### What the task asks:
Reproduce exactly the run of lines that begins with the one containing "2022 Skoda Scala" and ends with the last line of the records, omitting pictures.

### Data records:
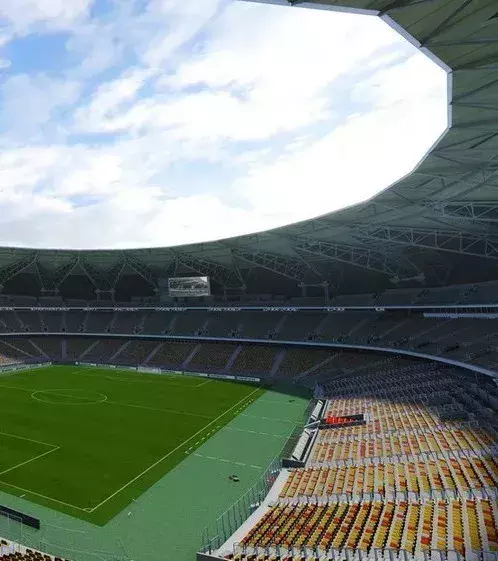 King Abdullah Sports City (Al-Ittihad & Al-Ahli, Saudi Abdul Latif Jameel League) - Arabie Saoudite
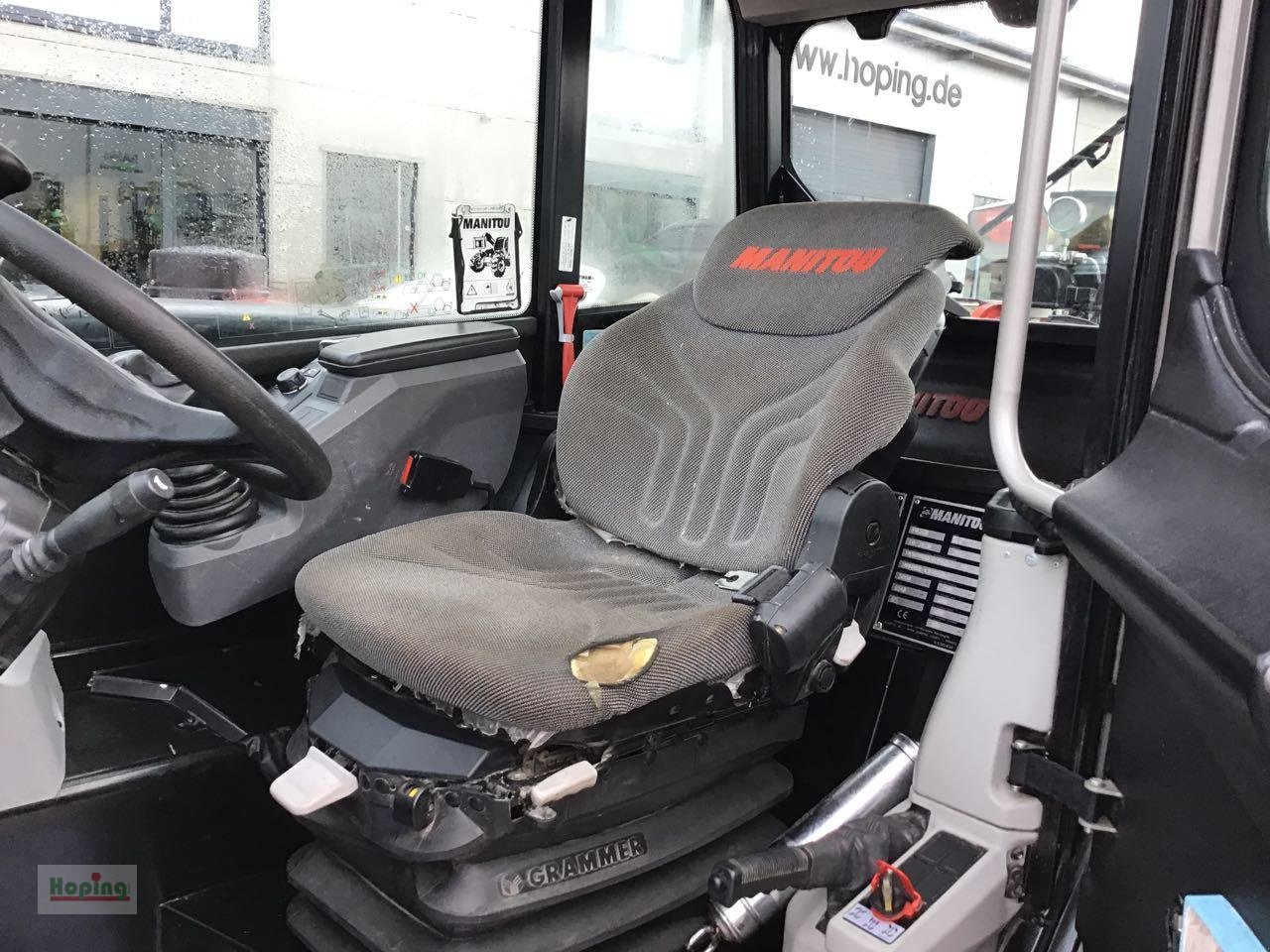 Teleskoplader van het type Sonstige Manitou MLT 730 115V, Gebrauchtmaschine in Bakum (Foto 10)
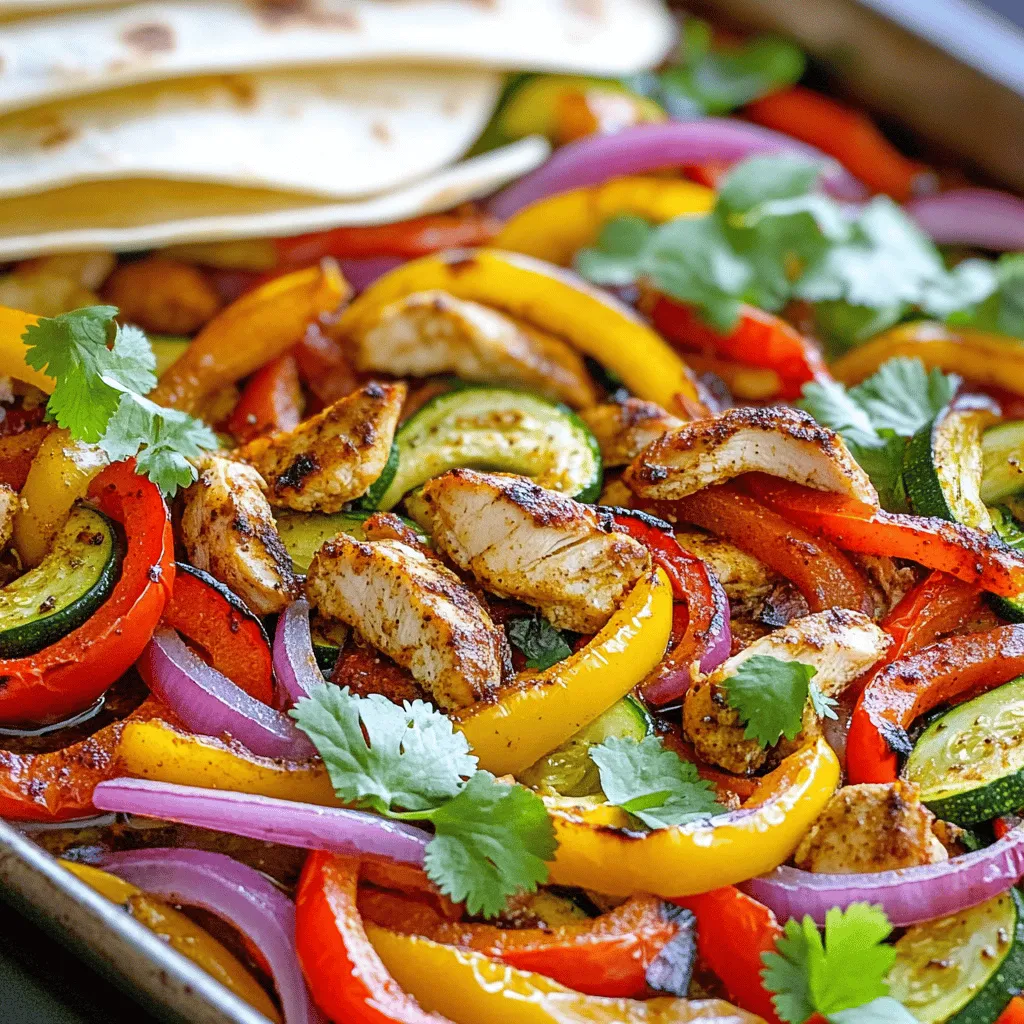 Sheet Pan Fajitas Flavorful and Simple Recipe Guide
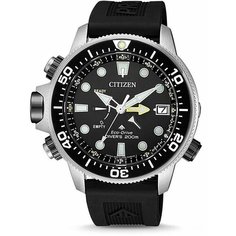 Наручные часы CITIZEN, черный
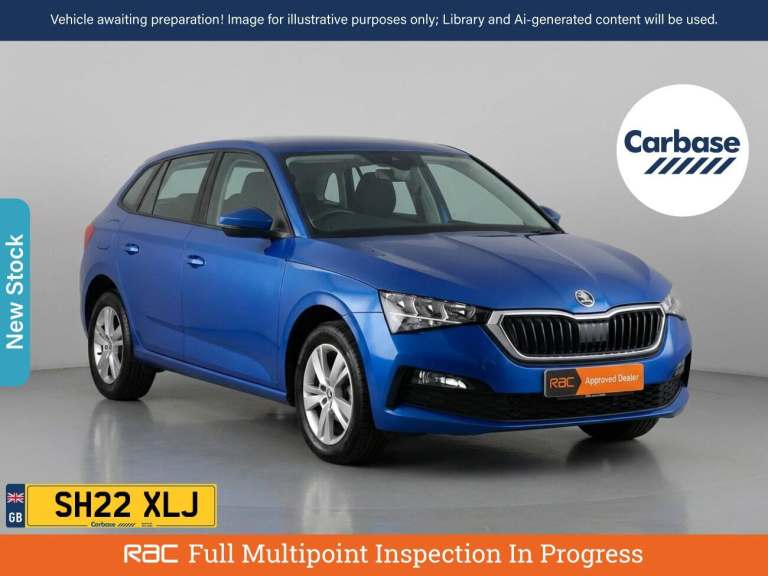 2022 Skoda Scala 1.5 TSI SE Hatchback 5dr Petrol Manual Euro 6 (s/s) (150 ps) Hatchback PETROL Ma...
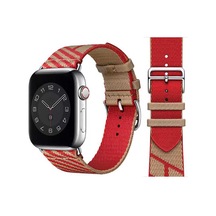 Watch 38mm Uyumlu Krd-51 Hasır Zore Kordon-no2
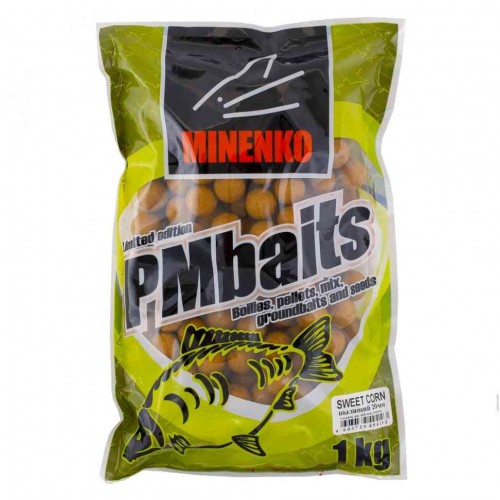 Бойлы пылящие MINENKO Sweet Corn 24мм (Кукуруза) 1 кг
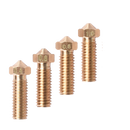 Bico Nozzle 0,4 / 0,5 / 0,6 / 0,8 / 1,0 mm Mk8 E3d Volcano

### Expected output:
 2022 Skoda Scala 1.5 TSI SE Hatchback 5dr Petrol Manual Euro 6 (s/s) (150 ps) Hatchback PETROL Ma...
 Watch 38mm Uyumlu Krd-51 Hasır Zore Kordon-no2
 Бойлы пылящие MINENKO Sweet Corn 24мм (Кукуруза) 1 кг
 Bico Nozzle 0,4 / 0,5 / 0,6 / 0,8 / 1,0 mm Mk8 E3d Volcano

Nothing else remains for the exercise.